Otherwise, it would make no sense at all.  Prudence, with regard to reputational risk alone, would make me wait till the end of the lecture if at all possible, even leaving aside any considerations of charity or the dignity of the individual (which, of course, one shouldn't in a Catholic Institution; or even in an Institution with a Catholic ethos [q.v.]).

Which all leads to the question: what's going on at St Mary's University College?

If you have not been aware of this, you may wish to look at EFPastor emeritus' and Fr Finigan's pieces on this.

The root of the dispute seems to be the proposed merger of the School of Theology, Philosophy and History with the School of Communication, Culture and Creative Arts to form a much larger  School of Arts and Humanities - and concerns about how appropriate that is for a Catholic Institution.

In fairness, I should note that such a trend of merging departments and faculties has swept English HEIs over the last decade or more: I am aware of many Universities which have done so (and predict a major Welsh University will follow suit with the arrival of a new Vice Chancellor this term...)

SMUC is also establishing a new Centre for the Study of Catholic Theology - so that's all right then.

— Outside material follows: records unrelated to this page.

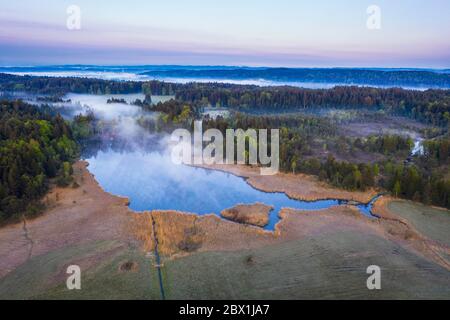 Mooshamerteich im Spatenbraeufilz, Moorland bei Egling, Tölzer Land, Drohnenschuss, Oberbayern, Bayern, Deutschland Stockfoto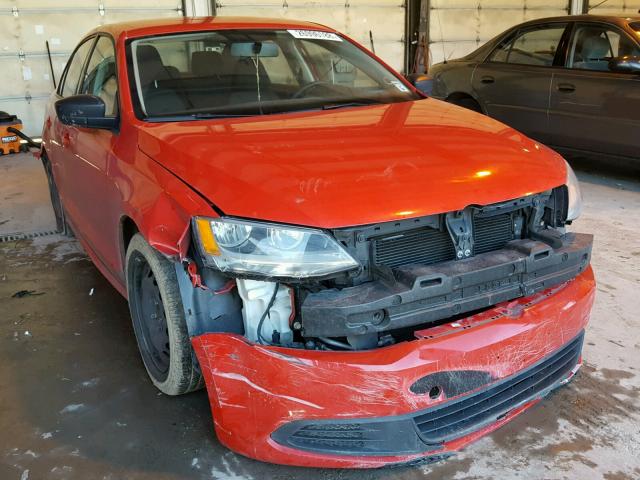 3VW1K7AJ9EM390628 - 2014 VOLKSWAGEN JETTA BASE წითელი ფოტო 1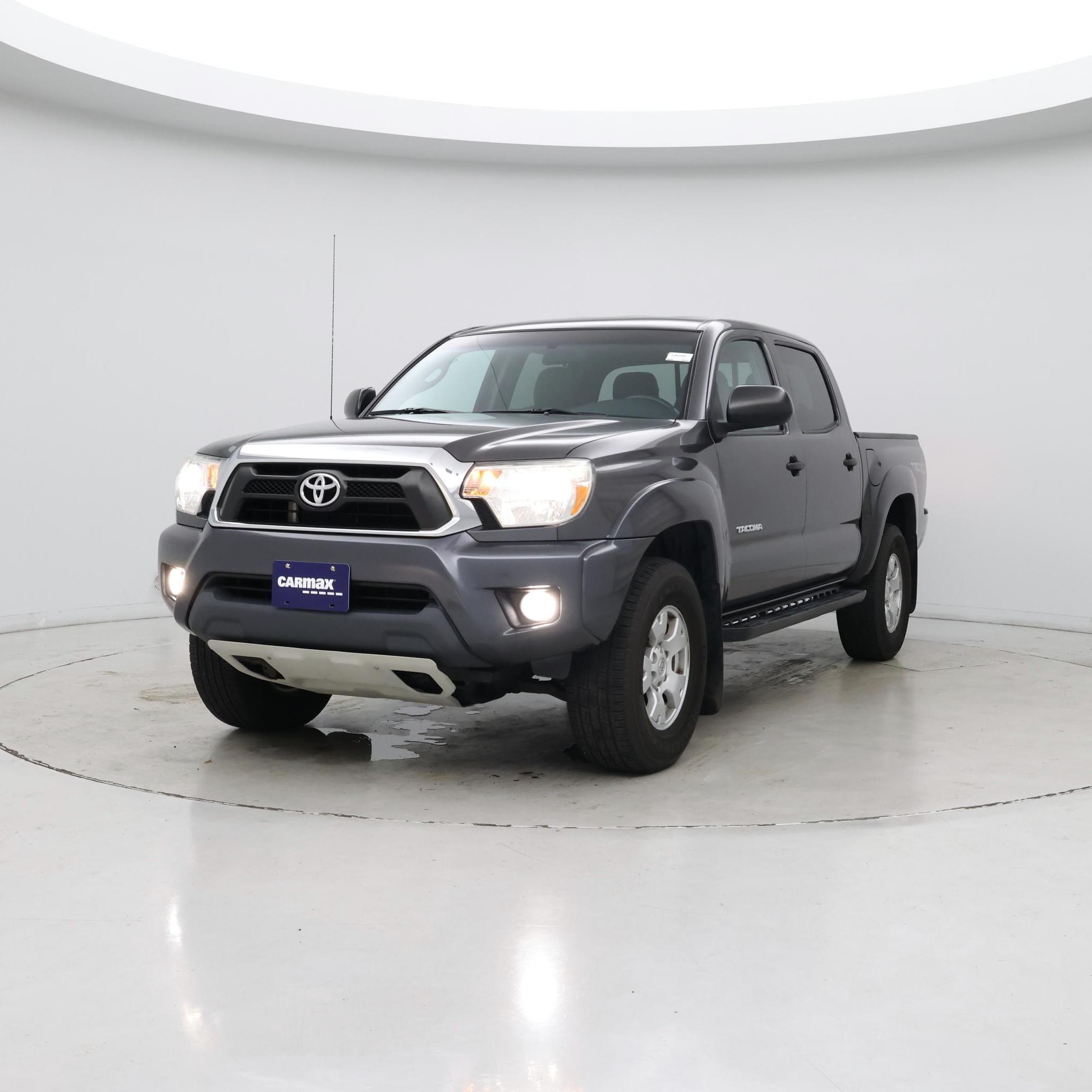Thumbnail: 2015 Toyota Tacoma - 4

However whether this particular re-structuring is wise or necessary is very much up for debate (though none is tolerated, it seems); and when the manner in which it is done involves such scandalous scenes, and leads to the resignation of distinguished figures such as Professor Eamon Duffy, and Dr Robin Gibbons, the longest serving theology lecturer, that does suggest a flawed process.

Having observed various organisational re-structurings in a long and varied career, I have noticed that while the 'business case' is often (though not always) the primary motivator, they are almost always seen as an opportunity to dislodge staff who are no longer valued, and who would otherwise be hard to shift.  (Sometimes that is done by voluntary severance schemes, sometimes by re-organising posts out of existence to make the staff redundant, sometimes by provoking them into doing or saying something that provides grounds for a disciplinary case against them, and sometimes by making life impossibly uncomfortable for them in a thousand small ways that would make constructive dismissal hard to claim...)

Is that a part of what is happening here?  Are people like Professor Duffy, Professor D'Costa, Dr Towey and Dr Gibbons not the kind of people wanted for the new Centre for the Study of Catholic Theology?  And if so, what does that tell us about it?

Of course, the Governors may say that some things are best settled privately and internally, not in the glare of ill-informed public comment like mine. That is a view with which I have some sympathy; unfortunately one rather undermines that approach by publicly frog-marching a lecturer away mid-lecture.


Anonymous said...

Thanks for the link.

Love you reference to need for how things should be done in a Catholic Institution -.....never leaving aside either charity or dignity of the individual.

M B Karamba said...

Had the removal been limited to that referred to above, it would have been uncharitable enough. However, Dr. Towey was asked to get into a van, and driven home. Security stood outside his house until he handed over his mobile phone.
Ubi caritas et amore, false arrest ibi est?